→ **Prompt**: Return exactly the lines of the records below, starting at the line that contains "A.P.C. New Drew Denim Midi Dress - Blue" and ending at the line that contains "Sexy Print Strapless Top and Wide Pants", with both of those lines kept.

→ **Available records**:
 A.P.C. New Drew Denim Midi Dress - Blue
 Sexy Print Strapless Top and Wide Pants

==

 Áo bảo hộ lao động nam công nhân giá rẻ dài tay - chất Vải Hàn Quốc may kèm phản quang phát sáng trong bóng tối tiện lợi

→ **Worked solution**:
 A.P.C. New Drew Denim Midi Dress - Blue
 Sexy Print Strapless Top and Wide Pants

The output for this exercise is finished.